Holders of Certificated Shares of Common
Stock
Until surrendered, we will
deem outstanding certificates representing shares of our Common Stock (the “Old Certificates”) held by stockholders
to be cancelled and only to represent the number of whole shares of post-Reverse Split Common Stock to which these stockholders are entitled,
subject to the treatment of fractional shares. Any Old Certificates submitted for exchange, whether because of a sale, transfer or other
disposition of stock, will automatically be exchanged for certificates representing the appropriate number of whole shares of post-Reverse
Split Common Stock (the “New Certificates”). If an Old Certificate has a restrictive legend on the back of the Old
Certificate(s), the New Certificate will be issued with the same restrictive legends that are on the back of the Old Certificate(s).
STOCKHOLDERS SHOULD NOT DESTROY ANY STOCK CERTIFICATE(S)
AND SHOULD NOT SUBMIT ANY STOCK CERTIFICATE(S) UNTIL REQUESTED TO DO SO.
Fractional Shares
We do not currently intend
to issue fractional shares in connection with the Reverse Split. Therefore, we will not issue certificates representing fractional shares.
In lieu of issuing fractions of shares, we will round up to the next whole number.
Effect of the Reverse Split on Employee
Plans, Options, Restricted Stock Awards and Units, Warrants, and Convertible or Exchangeable Securities
Based upon the Reverse Split
ratio determined by the Board, proportionate adjustments are generally required to be made to the per share exercise price and the number
of shares issuable upon the exercise or conversion of all outstanding options, warrants, convertible or exchangeable securities entitling
the holders to purchase, exchange for, or convert into, shares of Common Stock.
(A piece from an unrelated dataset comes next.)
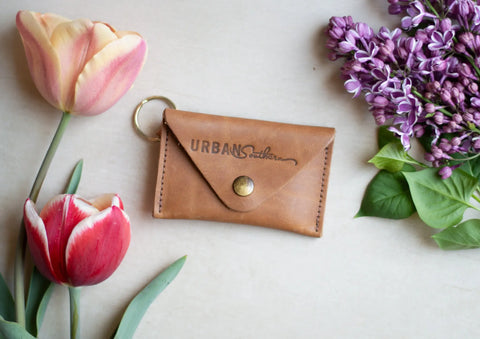 A compact brown Keychain Coin Purse by Urban Southern rests on a light surface, surrounded by pink and red tulips and clusters of purple lilac flowers.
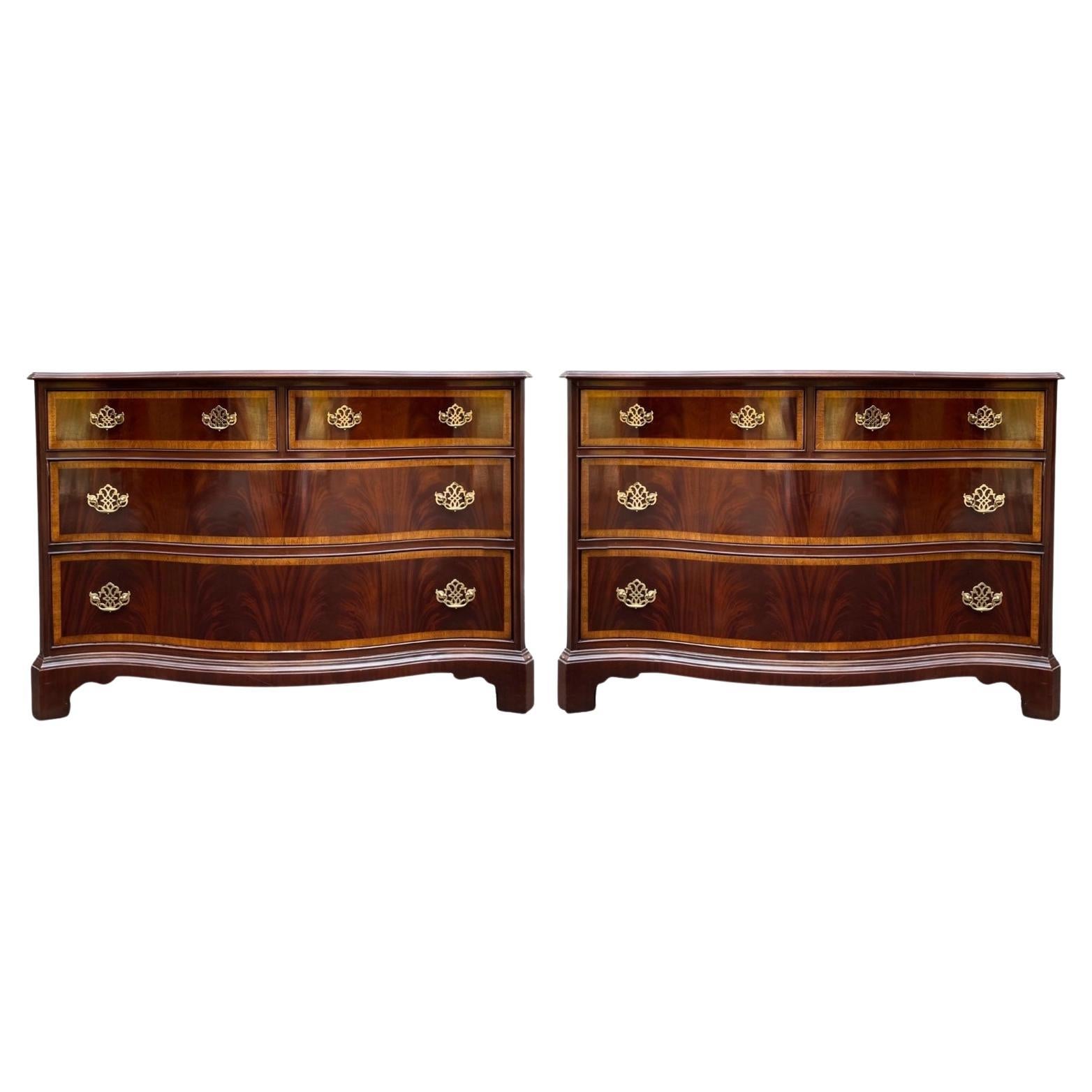 These Chinese Chippendale flame mahogany and satinwood banded serpentine chests are by Hickory Furniture. They have timeless elegance and are in very good condition They are marked.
This would result in approximately the same aggregate
price being required to be paid under such options, warrants, convertible or exchangeable securities upon exercise, and approximately
the same value of shares of Common Stock being delivered upon such exercise, exchange or conversion, immediately following the Reverse
Split as was the case immediately preceding the Reverse Split. The number of shares deliverable upon settlement or vesting of restricted
stock awards will be similarly adjusted, subject to our treatment of fractional shares. The number of shares reserved for issuance pursuant
to these securities will be proportionately based upon the Reverse Split ratio determined by the Board, subject to our treatment of fractional
shares.
Accounting Matters
The proposed amendment to
the Company’s Certificate of Incorporation, as amended, will not affect the par value of our Common Stock per share, which will
remain $0.001 par value per share. As a result, as of the effectiveness of the Reverse Split, the stated capital attributable to Common
Stock and the additional paid-in capital account on our balance sheet will not change due to the Reverse Split. Reported per share net
income or loss will be higher because there will be fewer shares of Common Stock outstanding.
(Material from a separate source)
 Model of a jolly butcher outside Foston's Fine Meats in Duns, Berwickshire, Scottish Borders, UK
Certain Federal Income Tax Consequences
of the Reverse Split
The following summary describes
certain material U.S. federal income tax consequences of the Reverse Split to holders of our Common Stock:
Unless otherwise specifically
indicated herein, this summary addresses the tax consequences only to a beneficial owner of our Common Stock that is a citizen or individual
resident of the United States, a corporation organized in or under the laws of the United States or any state thereof or the District
of Columbia or otherwise subject to U.S. federal income taxation on a net income basis in respect of our Common Stock (a “U.S.
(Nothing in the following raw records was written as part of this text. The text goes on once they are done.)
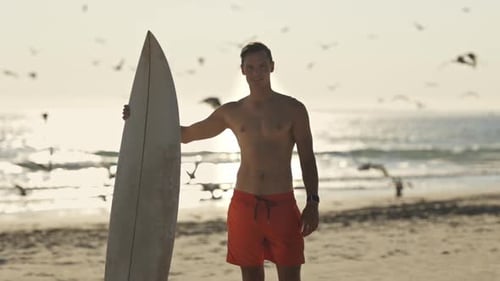Surfer Holding Surfboard on Beach at Sunset with Seagulls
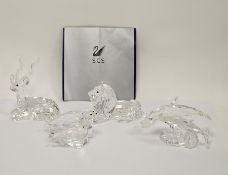 Four Swarovski crystal animals including lion 185410 (1995 annual edition), dolphins 'Lead Me'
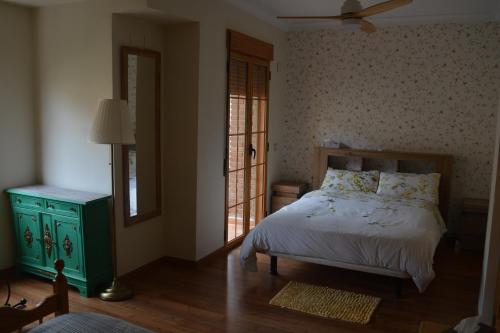 a bedroom with a bed and a mirror and a window at Casa Paola in Buñol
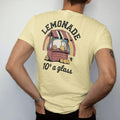 Man wearing a Butter tee, seen from the back: a wooden lemonade stand with a striped sign, pitcher and lemons, with "LEMONADE" and "10¢ A GLASS" in chunky 70s lettering and brush script, printed in faded, cracked brown, rust red, mustard and dusty…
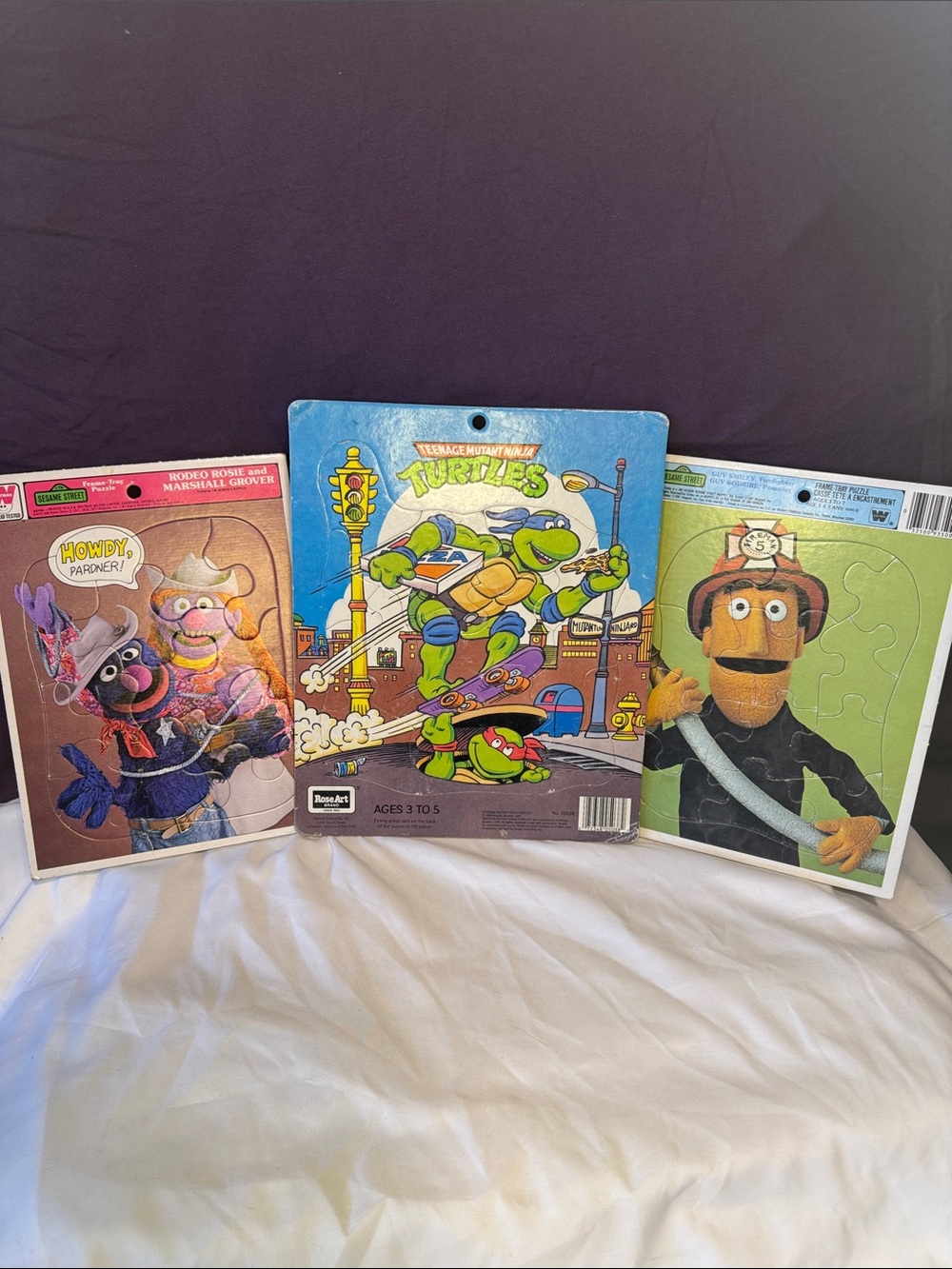 Three vintage tray puzzles Sesame Street teenage mutant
holder”). A trust may also be a U.S. holder if (1) a U.S. court is able to exercise primary supervision over administration
of such trust and one or more U.S. persons have the authority to control all substantial decisions of the trust or (2) it has a valid
election in place to be treated as a U.S. person. An estate whose income is subject to U.S. federal income taxation regardless of its
source may also be a U.S. holder. This summary does not address all of the tax consequences that may be relevant to any particular investor,
including tax considerations that arise from rules of general application to all taxpayers or to certain classes of taxpayers or that
are generally assumed to be known by investors. This summary also does not address the tax consequences to (i) persons that may be subject
to special treatment under U.S. federal income tax law, such as banks, insurance companies, thrift institutions, regulated investment
companies, real estate investment trusts, tax-exempt organizations, U.S. expatriates, persons subject to the alternative minimum tax,
traders in securities that elect to mark to market and dealers in securities or currencies, (ii) persons that hold our Common Stock as
part of a position in a “straddle” or as part of a “hedging,” “conversion” or other integrated investment
transaction for federal income tax purposes, or (iii) persons that do not hold our Common Stock as “capital assets” (generally,
property held for investment).
If a partnership (or other entity
classified as a partnership for U.S. federal income tax purposes) is the beneficial owner of our Common Stock, the U.S. federal income
tax treatment of a partner in the partnership will generally depend on the status of the partner and the activities of the partnership.
Partnerships that hold our Common Stock, and partners in such partnerships, should consult their own tax advisors regarding the U.S. federal
income tax consequences of the Reverse Split.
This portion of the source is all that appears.